C’est ainsi que l’aliénation sémantique produite par le technolecte managérial vide de son sens et de sa substance les grandes et belles idées de la langue de la culture, comme celles de confiance, d’autonomie et de bienveillance. Le subterfuge est classique : en revendiquant la bienveillance, le management exige des autres ce qu’il ne sait leur donner. Il sème la misère parmi les travailleurs qu’il a rendus isolés, indépendants, concurrents ; mais la véritable bienveillance, au contraire, c’est “un désir de faire du bien à celui pour qui nous avons de la commisération”(8). »

Notes

(1) P. Merlier – « Philosophie et éthique en travail social » (préf. B. Bouquet) – Presses de l’EHESP, 2e édition, 2020 – Chap. 4, p. 61-72 et « La bien-veuillance », in Revue perspective soignante n° 58, avril 2017, p. 113-122.

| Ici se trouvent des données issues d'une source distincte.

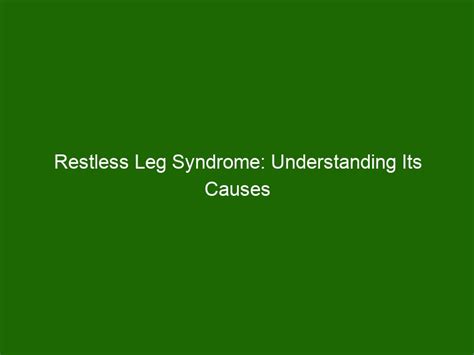Restless Leg Syndrome Understanding Its Causes And Treatment Options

(2) Aristote – « Ethique à Eudème », trad. V. Décarie, Ed. Vrin, 1991, II – 5 et VII – 7, p. 96 et 178.

(3) A. Camus, « La Peste », Ed. Gallimard, 1947.

(4) M. Revault d’Allonnes – « L’esprit du macronisme ou l’art de dévoyer les concepts » – Ed. Seuil, coll. « Points essais », 2021, p. 95.

(5) Ibid.

(6) E. Bechtold-Rognon – « Pourquoi joindre l’inutile au désagréable ? En finir avec le nouveau management public » – Ed. de L’Atelier et éd. Ouvrières, 2018, p. 146-148. L’auteure montre que le premier pas pour démasquer et combattre le New Public Management consiste dans le fait de « dévoiler avec précision et constance ce que recouvrent [les termes qu’il emploie] et refuser d’être séduit ou étourdi par la façon dont [il] vide les mots de leurs sens » (p. 38).

(7) Sénèque – « Traités philosophiques, III, La bienfaisance (De beneficiis) », trad. F. et P. Richard – Librairie Garnier Frères, 1934, p. 49.

(8) Spinoza – « Ethique, III » – Ed. Flammarion, coll. « GF », 1965, « Définition 35 », p. 211.